§ EXERCISE BRIEF: From the data that follows, print exactly the lines starting at the one containing "Breitling Bentley Motors" and ending at the one containing "c1960 Scenic View"; include both of them and nothing more.

- - -

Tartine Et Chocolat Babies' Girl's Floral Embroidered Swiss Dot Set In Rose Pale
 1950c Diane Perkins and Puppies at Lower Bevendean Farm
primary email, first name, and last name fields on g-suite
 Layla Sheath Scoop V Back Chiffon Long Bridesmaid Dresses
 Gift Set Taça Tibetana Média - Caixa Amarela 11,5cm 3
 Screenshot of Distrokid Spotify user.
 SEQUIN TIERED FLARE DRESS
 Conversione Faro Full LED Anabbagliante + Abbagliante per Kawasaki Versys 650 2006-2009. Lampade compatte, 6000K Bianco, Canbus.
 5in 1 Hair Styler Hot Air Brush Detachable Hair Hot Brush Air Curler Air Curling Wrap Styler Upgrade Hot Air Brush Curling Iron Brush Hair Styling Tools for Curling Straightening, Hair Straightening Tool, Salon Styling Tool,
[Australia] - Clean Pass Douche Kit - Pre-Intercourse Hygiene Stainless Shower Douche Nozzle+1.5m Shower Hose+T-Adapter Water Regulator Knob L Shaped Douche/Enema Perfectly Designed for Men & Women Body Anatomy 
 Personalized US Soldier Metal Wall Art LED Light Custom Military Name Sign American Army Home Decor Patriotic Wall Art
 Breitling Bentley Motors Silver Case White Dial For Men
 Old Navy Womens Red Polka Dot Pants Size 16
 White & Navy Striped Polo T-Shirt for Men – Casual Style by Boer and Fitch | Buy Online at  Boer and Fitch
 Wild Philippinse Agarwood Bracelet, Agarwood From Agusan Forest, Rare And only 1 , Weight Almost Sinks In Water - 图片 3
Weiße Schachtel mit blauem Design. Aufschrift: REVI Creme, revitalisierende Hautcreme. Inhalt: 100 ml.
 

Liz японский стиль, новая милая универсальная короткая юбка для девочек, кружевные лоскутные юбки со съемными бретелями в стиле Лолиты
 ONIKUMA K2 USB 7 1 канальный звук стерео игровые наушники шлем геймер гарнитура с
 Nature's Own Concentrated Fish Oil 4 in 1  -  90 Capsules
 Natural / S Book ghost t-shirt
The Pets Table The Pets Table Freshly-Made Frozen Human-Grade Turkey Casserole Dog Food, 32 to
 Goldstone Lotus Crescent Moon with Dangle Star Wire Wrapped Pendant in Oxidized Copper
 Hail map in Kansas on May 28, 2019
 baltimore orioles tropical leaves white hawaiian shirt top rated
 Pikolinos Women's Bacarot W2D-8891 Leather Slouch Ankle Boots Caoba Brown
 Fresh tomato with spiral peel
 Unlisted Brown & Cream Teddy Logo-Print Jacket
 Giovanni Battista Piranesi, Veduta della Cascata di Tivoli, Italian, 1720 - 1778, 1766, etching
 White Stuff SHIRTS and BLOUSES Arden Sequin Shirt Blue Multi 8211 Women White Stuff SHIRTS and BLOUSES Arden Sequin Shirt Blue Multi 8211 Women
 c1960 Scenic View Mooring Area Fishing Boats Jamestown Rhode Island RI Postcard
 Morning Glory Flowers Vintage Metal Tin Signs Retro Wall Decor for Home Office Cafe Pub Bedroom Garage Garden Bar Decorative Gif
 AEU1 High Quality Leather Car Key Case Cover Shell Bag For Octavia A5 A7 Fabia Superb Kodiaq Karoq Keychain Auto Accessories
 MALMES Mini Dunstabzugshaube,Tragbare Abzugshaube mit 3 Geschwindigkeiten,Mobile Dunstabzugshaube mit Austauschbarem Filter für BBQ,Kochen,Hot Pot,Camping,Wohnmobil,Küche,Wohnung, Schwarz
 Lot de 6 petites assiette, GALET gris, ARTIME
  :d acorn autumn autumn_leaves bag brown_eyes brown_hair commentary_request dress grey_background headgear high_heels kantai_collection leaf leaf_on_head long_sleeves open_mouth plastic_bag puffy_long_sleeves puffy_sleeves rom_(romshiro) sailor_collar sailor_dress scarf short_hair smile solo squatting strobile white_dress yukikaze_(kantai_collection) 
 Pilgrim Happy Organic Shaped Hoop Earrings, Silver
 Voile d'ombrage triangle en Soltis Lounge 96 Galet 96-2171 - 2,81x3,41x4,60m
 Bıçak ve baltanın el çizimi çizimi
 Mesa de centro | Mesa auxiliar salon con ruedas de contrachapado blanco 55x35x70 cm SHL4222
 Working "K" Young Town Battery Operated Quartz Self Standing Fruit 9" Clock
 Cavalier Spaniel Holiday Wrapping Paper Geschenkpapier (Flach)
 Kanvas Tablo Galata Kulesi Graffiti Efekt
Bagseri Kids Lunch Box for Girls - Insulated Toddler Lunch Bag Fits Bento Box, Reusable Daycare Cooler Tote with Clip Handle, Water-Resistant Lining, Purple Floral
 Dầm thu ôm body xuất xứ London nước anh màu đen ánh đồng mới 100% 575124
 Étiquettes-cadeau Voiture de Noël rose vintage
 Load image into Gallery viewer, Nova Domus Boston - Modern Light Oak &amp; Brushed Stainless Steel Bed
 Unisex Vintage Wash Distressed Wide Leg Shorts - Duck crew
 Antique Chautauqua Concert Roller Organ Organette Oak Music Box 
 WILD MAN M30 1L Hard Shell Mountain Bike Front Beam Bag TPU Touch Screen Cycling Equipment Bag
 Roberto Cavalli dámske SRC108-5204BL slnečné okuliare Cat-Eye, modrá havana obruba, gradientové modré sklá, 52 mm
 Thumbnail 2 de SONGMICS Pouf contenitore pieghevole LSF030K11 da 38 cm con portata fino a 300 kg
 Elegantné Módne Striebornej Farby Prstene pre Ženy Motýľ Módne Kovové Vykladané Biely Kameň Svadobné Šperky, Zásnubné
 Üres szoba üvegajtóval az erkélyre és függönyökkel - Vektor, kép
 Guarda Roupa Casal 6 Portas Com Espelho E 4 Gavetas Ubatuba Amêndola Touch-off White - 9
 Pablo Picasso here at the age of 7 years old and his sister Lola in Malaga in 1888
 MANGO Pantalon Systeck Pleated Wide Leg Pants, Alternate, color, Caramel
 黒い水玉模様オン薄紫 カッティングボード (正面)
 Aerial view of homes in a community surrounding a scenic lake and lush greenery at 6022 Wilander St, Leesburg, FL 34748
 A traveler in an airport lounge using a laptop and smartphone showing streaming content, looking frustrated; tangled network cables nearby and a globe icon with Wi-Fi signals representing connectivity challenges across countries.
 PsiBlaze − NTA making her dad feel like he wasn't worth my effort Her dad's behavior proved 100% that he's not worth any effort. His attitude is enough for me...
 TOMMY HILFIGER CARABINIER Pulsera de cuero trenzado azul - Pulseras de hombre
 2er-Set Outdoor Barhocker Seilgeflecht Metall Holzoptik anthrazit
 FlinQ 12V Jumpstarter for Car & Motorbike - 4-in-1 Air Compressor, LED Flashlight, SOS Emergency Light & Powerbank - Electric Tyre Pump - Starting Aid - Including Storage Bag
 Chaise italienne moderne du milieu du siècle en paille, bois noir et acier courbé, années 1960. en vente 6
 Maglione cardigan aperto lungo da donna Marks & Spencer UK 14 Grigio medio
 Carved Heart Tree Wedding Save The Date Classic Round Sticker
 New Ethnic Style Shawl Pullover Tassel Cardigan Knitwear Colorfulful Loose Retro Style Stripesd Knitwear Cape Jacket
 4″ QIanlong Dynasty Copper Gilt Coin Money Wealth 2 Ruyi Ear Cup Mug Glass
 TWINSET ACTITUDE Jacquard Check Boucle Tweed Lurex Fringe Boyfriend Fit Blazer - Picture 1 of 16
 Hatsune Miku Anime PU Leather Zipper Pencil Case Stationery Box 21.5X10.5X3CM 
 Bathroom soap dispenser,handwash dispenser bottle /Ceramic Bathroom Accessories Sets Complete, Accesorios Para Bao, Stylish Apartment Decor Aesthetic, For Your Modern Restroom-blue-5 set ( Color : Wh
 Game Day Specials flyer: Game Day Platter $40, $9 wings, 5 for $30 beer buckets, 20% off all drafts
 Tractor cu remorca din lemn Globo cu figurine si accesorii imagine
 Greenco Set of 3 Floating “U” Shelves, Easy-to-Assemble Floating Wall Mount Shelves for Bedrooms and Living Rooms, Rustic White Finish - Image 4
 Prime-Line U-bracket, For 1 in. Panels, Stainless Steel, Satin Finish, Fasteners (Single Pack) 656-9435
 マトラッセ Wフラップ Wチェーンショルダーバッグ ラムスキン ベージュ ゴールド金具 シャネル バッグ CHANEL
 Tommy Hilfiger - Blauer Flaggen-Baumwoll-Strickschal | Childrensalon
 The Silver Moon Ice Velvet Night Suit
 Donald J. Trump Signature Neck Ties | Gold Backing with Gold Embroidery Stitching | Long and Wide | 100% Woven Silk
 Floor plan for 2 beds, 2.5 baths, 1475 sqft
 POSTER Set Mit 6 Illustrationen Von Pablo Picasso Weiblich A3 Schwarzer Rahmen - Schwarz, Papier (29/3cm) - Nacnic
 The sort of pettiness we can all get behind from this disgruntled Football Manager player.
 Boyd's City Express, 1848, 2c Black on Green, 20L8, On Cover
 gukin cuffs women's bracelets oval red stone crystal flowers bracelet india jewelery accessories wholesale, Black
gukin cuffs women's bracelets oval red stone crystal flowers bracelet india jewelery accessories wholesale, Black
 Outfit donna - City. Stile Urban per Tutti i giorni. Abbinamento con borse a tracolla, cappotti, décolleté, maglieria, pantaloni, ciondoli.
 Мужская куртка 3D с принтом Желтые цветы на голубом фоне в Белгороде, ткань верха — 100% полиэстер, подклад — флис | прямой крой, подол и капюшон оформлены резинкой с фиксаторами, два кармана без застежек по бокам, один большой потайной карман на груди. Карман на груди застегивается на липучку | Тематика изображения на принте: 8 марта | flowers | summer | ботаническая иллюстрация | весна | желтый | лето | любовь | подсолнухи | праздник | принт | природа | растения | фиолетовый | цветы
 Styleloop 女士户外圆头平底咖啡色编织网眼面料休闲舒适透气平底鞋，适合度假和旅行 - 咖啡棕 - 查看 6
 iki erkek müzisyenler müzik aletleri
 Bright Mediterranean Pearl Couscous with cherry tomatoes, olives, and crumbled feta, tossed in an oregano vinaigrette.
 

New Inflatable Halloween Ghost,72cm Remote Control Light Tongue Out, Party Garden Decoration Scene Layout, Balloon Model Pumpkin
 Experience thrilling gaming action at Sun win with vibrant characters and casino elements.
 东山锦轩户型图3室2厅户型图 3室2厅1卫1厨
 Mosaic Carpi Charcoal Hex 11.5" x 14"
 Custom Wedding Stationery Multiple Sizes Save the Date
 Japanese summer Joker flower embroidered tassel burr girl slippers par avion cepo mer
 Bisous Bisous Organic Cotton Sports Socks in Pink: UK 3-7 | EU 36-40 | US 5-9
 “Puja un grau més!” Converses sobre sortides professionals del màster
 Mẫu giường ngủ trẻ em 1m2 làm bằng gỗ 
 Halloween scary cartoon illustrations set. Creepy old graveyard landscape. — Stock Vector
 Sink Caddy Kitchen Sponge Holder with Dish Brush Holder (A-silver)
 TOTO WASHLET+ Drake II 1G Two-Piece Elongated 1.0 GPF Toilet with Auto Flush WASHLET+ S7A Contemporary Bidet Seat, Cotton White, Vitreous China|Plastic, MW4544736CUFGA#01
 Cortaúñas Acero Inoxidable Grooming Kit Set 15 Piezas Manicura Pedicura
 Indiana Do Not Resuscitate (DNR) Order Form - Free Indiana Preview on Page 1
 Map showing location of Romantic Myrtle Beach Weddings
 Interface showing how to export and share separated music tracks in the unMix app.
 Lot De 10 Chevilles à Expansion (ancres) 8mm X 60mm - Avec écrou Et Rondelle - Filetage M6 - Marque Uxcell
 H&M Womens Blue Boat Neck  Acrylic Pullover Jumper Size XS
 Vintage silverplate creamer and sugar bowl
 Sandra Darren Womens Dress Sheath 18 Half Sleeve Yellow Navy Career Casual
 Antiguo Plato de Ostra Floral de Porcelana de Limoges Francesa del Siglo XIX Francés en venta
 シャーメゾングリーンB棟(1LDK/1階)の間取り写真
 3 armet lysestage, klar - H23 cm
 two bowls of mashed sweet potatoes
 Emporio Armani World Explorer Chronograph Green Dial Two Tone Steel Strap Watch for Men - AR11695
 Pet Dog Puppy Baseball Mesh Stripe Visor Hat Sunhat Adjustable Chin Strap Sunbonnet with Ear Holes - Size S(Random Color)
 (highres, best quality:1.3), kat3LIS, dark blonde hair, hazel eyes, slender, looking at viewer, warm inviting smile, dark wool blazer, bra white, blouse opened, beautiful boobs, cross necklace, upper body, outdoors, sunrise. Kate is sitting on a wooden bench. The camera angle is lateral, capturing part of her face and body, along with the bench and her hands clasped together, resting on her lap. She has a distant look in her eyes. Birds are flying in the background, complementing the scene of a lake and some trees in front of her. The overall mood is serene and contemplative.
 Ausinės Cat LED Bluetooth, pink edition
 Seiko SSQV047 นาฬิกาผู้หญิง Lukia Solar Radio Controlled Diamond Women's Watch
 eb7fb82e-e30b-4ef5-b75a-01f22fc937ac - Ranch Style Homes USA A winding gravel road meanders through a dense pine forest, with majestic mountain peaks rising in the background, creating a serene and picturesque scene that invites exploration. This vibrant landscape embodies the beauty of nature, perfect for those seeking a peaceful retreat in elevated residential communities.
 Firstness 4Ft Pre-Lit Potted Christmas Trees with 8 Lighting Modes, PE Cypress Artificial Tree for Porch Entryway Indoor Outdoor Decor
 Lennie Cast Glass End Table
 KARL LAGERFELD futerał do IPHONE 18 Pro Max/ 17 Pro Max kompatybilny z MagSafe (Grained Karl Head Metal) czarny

- - -

§ EXPECTED ANSWER:
 Breitling Bentley Motors Silver Case White Dial For Men
 Old Navy Womens Red Polka Dot Pants Size 16
 White & Navy Striped Polo T-Shirt for Men – Casual Style by Boer and Fitch | Buy Online at  Boer and Fitch
 Wild Philippinse Agarwood Bracelet, Agarwood From Agusan Forest, Rare And only 1 , Weight Almost Sinks In Water - 图片 3
Weiße Schachtel mit blauem Design. Aufschrift: REVI Creme, revitalisierende Hautcreme. Inhalt: 100 ml.
 

Liz японский стиль, новая милая универсальная короткая юбка для девочек, кружевные лоскутные юбки со съемными бретелями в стиле Лолиты
 ONIKUMA K2 USB 7 1 канальный звук стерео игровые наушники шлем геймер гарнитура с
 Nature's Own Concentrated Fish Oil 4 in 1  -  90 Capsules
 Natural / S Book ghost t-shirt
The Pets Table The Pets Table Freshly-Made Frozen Human-Grade Turkey Casserole Dog Food, 32 to
 Goldstone Lotus Crescent Moon with Dangle Star Wire Wrapped Pendant in Oxidized Copper
 Hail map in Kansas on May 28, 2019
 baltimore orioles tropical leaves white hawaiian shirt top rated
 Pikolinos Women's Bacarot W2D-8891 Leather Slouch Ankle Boots Caoba Brown
 Fresh tomato with spiral peel
 Unlisted Brown & Cream Teddy Logo-Print Jacket
 Giovanni Battista Piranesi, Veduta della Cascata di Tivoli, Italian, 1720 - 1778, 1766, etching
 White Stuff SHIRTS and BLOUSES Arden Sequin Shirt Blue Multi 8211 Women White Stuff SHIRTS and BLOUSES Arden Sequin Shirt Blue Multi 8211 Women
 c1960 Scenic View Mooring Area Fishing Boats Jamestown Rhode Island RI Postcard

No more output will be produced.